Start of Data

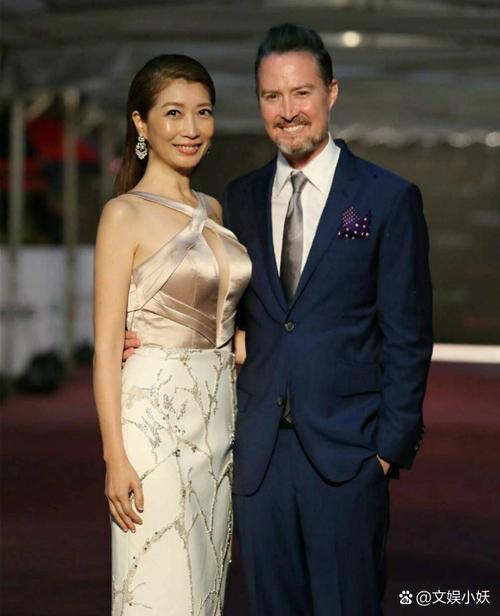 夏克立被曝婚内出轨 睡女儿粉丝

End of Data
Start of Data

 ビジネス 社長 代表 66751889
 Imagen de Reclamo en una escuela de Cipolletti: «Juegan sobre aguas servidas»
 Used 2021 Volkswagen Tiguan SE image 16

End of Data
Start of Data

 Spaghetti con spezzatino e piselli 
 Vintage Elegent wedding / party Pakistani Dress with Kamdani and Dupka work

End of Data

• _Exercise brief_: Could you write out, exactly as they stand, only the lines above that begin at the line with "Imagen de Reclamo" and stop after the line with "Used 2021 Volkswagen Tiguan SE image 16"?

• _Answer section_:
 Imagen de Reclamo en una escuela de Cipolletti: «Juegan sobre aguas servidas»
 Used 2021 Volkswagen Tiguan SE image 16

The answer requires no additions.